We study the problem of regret minimization for a single bidder in a sequence of first-price auctions where the bidder knows the item's value only if the auction is won. Our main contribution is a complete characterization, up to logarithmic factors, of the minimax regret in terms of the auction's transparency, which regulates the amount of information on competing bids disclosed by the auctioneer at the end of each auction. Our results hold under different assumptions (stochastic, adversarial, and their smoothed variants) on the environment generating the bidder's valuations and competing bids. These minimax rates reveal how the interplay between transparency and the nature of the environment affects how fast one can learn to bid optimally in first-price auctions.

On the Minimax Regret for Online Learning with Feedback Graphs

In this work, we improve on the upper and lower bounds for the regret of online learning with strongly observable undirected feedback graphs. The best known upper bound for this problem is $\mathcal{O}\bigl(\sqrt{\alpha T\ln K}\bigr)$, where $K$ is the number of actions, $\alpha$ is the independence number of the graph, and $T$ is the time horizon. The $\sqrt{\ln K}$ factor is known to be necessary when $\alpha = 1$ (the experts case). On the other hand, when $\alpha = K$ (the bandits case), the minimax rate is known to be $\Theta\bigl(\sqrt{KT}\bigr)$, and a lower bound $\Omega\bigl(\sqrt{\alpha T}\bigr)$ is known to hold for any $\alpha$. Our improved upper bound $\mathcal{O}\bigl(\sqrt{\alpha T(1+\ln(K/\alpha))}\bigr)$ holds for any $\alpha$ and matches the lower bounds for bandits and experts, while interpolating intermediate cases. To prove this result, we use FTRL with $q$-Tsallis entropy for a carefully chosen value of $q \in [1/2, 1)$ that varies with $\alpha$. The analysis of this algorithm requires a new bound on the variance term in the regret. We also show how to extend our techniques to time-varying graphs, without requiring prior knowledge of their independence numbers. Our upper bound is complemented by an improved $\Omega\bigl(\sqrt{\alpha T(\ln K)/(\ln\alpha)}\bigr)$ lower bound for all $\alpha > 1$, whose analysis relies on a novel reduction to multitask learning. This shows that a logarithmic factor is necessary as soon as $\alpha < K$.

Repeated Bilateral Trade Against a Smoothed Adversary

We study repeated bilateral trade where an adaptive $\sigma$-smooth adversary generates the valuations of sellers and buyers. We provide a complete characterization of the regret regimes for fixed-price mechanisms under different feedback models in the two cases where the learner can post either the same or different prices to buyers and sellers. We begin by showing that the minimax regret after $T$ rounds is of order $\sqrt{T}$ in the full-feedback scenario.

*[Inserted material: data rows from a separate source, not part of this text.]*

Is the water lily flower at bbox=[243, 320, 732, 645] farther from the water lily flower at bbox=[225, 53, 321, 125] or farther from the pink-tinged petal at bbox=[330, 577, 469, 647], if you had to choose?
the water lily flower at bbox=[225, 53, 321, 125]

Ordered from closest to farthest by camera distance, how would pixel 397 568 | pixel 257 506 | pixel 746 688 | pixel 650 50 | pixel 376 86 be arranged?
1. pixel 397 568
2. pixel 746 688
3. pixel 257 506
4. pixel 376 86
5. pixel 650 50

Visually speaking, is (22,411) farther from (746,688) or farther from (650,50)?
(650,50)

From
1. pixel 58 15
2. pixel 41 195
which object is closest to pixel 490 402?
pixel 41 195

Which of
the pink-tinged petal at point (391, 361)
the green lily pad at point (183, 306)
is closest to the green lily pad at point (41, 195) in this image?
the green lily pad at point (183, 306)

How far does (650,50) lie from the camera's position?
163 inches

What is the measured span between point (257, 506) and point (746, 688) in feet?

Under partial feedback, any algorithm that has to post the same price to buyers and sellers suffers worst-case linear regret. However, when the learner can post two different prices at each round, we design an algorithm enjoying regret of order $T^{3/4}$ ignoring log factors. We prove that this rate is optimal by presenting a surprising $T^{3/4}$ lower bound, which is the main technical contribution of the paper.